In the human body, fatty acids are important sources of fuel because, when metabolized, they yield relatively large quantities of energy. Beside the energetic function, some fatty acids can modulate biological functions. By example, regulatory functions are mainly ascribed to polyunsaturated fatty acids (PUFAs), which are classified according to the position of the first unsaturation in the carbon chain.
Alpha-linolenic acid (ALA), the shorter omega-3 (or n-3) PUFA, cannot be synthesized by the human body, and it is therefore considered an essential fatty acid. Two longer and more unsaturated n-3 fatty acids, eicosapentaenoic acid (EPA) and docosahexaenoic acid (DHA) can be synthesised by humans from ALA. However, the capacity of synthesis is relatively low, not enough to cover the body's requirement: the conversion of ALA into EPA is estimated to be around 8-12% and may be less than 1% for ALA into DHA.

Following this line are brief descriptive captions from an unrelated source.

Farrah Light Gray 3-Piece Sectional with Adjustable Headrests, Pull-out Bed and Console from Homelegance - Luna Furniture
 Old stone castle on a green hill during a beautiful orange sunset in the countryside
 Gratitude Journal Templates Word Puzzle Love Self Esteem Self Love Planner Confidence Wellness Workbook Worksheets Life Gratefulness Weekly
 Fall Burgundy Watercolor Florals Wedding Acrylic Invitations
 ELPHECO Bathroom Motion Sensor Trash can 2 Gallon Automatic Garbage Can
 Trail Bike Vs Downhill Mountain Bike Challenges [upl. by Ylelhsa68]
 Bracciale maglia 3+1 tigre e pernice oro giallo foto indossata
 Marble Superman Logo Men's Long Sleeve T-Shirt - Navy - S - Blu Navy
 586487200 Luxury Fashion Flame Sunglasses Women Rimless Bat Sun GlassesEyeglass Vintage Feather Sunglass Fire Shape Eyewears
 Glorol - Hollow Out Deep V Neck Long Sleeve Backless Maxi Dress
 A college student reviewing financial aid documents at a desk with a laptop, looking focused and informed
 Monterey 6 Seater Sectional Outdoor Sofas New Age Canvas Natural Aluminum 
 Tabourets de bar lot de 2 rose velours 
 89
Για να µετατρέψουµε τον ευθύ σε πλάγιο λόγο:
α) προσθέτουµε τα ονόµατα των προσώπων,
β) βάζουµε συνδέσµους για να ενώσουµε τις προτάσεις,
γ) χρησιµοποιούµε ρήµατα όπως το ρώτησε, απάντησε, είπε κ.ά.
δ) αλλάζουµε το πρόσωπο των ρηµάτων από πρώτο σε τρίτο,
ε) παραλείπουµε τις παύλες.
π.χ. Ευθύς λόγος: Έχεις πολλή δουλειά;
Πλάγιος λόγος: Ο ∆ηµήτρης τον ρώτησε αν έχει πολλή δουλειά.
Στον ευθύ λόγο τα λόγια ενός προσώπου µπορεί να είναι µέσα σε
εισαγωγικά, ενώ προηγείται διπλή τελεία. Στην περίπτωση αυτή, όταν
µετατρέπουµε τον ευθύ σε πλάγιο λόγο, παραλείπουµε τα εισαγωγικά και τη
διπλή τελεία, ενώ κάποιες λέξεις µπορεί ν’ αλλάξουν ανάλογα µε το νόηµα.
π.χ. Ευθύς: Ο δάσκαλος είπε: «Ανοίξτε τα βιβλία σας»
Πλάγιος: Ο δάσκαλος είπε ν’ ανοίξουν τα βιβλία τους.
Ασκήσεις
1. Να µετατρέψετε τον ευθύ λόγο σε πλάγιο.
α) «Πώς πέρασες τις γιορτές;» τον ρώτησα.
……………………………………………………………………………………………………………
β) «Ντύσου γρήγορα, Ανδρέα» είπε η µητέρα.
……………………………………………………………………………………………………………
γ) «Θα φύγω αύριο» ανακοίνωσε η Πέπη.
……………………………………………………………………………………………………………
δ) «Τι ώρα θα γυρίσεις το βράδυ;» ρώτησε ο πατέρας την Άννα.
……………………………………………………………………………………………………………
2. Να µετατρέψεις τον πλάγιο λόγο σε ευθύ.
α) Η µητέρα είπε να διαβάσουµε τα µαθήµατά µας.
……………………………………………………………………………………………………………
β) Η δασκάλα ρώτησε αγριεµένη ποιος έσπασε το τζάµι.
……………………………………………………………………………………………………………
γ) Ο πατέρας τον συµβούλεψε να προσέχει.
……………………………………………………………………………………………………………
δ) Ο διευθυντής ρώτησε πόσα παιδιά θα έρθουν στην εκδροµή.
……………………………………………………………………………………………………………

EPA and DHA, usually referred to as n-3 long-chain PUFAs (n-3 LC-PUFAs), are important components of cell membranes, precursors of bioactive molecules (eicosanoids and docosanoids), and modulators of the expression of several genes. Consequently, it is important to cover their requirement through the diet. Relatively few natural foods contain EPA and DHA in sufficient quantity to impact levels in the body. The main natural source of DHA and EPA is fish, particularly fat fish. Fish consumption is below reccommended levels in several countries.
In recent years some protective effects related to EPA and DHA have been evidenced, particularly in cardiovascular disease prevention. Considering all the scientific studies related to cardiovascular health, an intake of 250 mg per day of EPA plus DHA appears to be beneficial for cardiovascular disease primary prevention (http://www.efsa.europa.eu/en/search/doc/1461.pdf).
The metabolic syndrome is characterised by accumulation of cardiovascular risk factors, and the use of n-3 LC-PUFA could potentially benefit it. Actually, many studies indicate that the administration of EPA + DHA doses > 1 g for at least 3 months produces a significant reduction of triglycerides.